Task brief:
Reproduce the lines below from the one that contains "Jan en Monique" through the end, inclusive, and add nothing.

Recorded information:
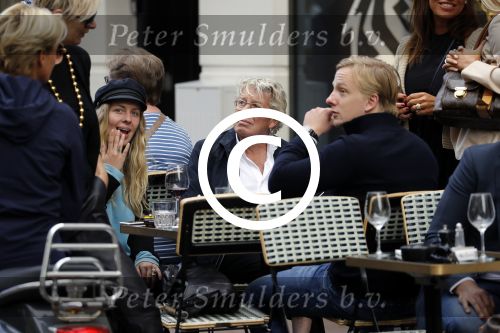 Amsterdam 1 september 2017 
Jan en Monique des Bouvrie met hun kinderen Bo en Jan jr op de pc hooftstraat.
Carolien Tensen en de weduwe van Joop Braakhekke Wim staan te kletsen.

Result for this task:
Jan en Monique des Bouvrie met hun kinderen Bo en Jan jr op de pc hooftstraat.
Carolien Tensen en de weduwe van Joop Braakhekke Wim staan te kletsen.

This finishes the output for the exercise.